天寶死於單純的親情和愛情。他心裏知道哥哥對崔璀的愛。由於他得不到崔璀的愛,他不得不自己承受這些悲傷和痛苦,以滿足他哥哥和崔璀的幸福。這壹切都源於他對弟弟真摯深厚的兄弟情誼和對崔璀真摯無私的愛。正是因為有著深厚的兄弟情誼,諾松才放棄愛情去尋找哥哥的屍體。

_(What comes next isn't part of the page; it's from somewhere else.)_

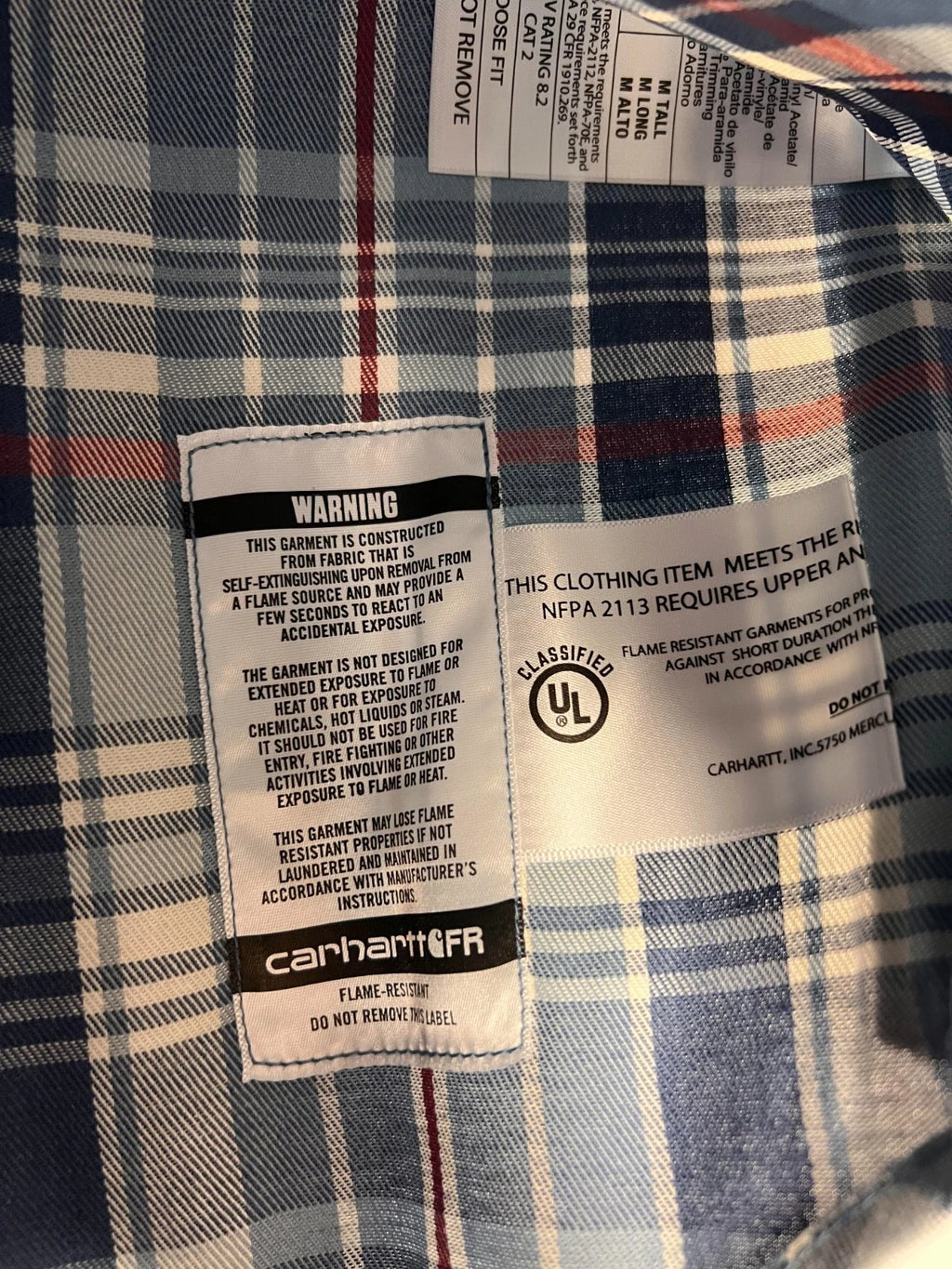 Carhartt FR Men's Slate Blue Plaid Shirt -Rugged Flex Work Wear L/S CAT 2 (S371)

老船夫愛崔璀,壹個從小就失去父母的孤兒。在意識到自己年老體弱後,她總是在夜晚對著星星微笑。他害怕崔璀在他死後會孤獨和受冷落,所以他壹心想找到壹個能愛她和照顧她的好男人,所以他總是擔心崔璀的思想和婚姻。最後,我在聽說過江的中寨人謊稱“諾松答應了中寨的婚事”後,又焦慮又難過,在雷雨夜雷電將死的時候,帶著遺憾和擔心死去。
老船夫死的時候,壹直在擔心自己的年老和崔璀未知的命運。他害怕自己死去,留下崔璀壹個人,又擔心崔璀會得到與母親溝通的命運,最終因為愛恨交織而悲劇收場。從老船夫對崔璀的關心和良苦用心中,我們可以看出他非常重視孫女的幸福和對崔璀的無私關懷。
《沈從文自傳》講的是沈從文二十多歲時的經歷。民國十年,他19歲,抱著“上壹次碰巧沒死,壹條命好像撿回來了,這次被子彈打死也沒關系”的想法,加入了胡軍隊在四川的壹支。隨身行李裏,除了幾件很薄的日用品和衣服,還有幾本儒雅正直的人的字帖,還有壹本《李義山詩集》,是壹首感傷的詩。他總是以仁慈的眼光看待人性。生死就在他眼前,卻是壹場人類命運的賭博。
而正因為這種冷眼看待生死的態度,生命歷程中所有的人和事,最終都會擦肩而過,就像河中的漣漪,微微的搖擺不定,卻不會阻擋浩蕩的河流繼續前行,永不回頭。
然而,當寫到《邊城》中這些人物的死亡時,他表現出了壹種罕見的情感。就像茶洞小鎮的人,雖然他們的生活與壹般社會是那麽的疏離,但眼淚和歡樂,在壹種愛恨得失中,夾雜在這些人的生活中,他們也和另壹片土地上的其他人相似。他們整個身心都被那壹點點愛恨浸透,什麽都忘了。如果說有什麽不同,那只是這些人更真實,更迷茫。他們都是為了“愛”而死的。正是因為“人性之美”的光輝,當不可避免的悲劇出現時,他們為已經揉進身心的親情、愛情、友情慷慨赴死。正是因為這種“人性之美”的光輝,這些人心裏也有“生之憂患”,或者是因為孤兒死後無人照顧,或者是因為愛人死後孤獨無人照顧,或者是因為死後家裏無人贍養。正是因為“人性”,他們平凡的生死才如此感人,慣於殺人狂傲的沈從文也為這樣的犧牲所感動。於是,這個不相幹的無端的真相和“人性”發揮了如此巨大的力量。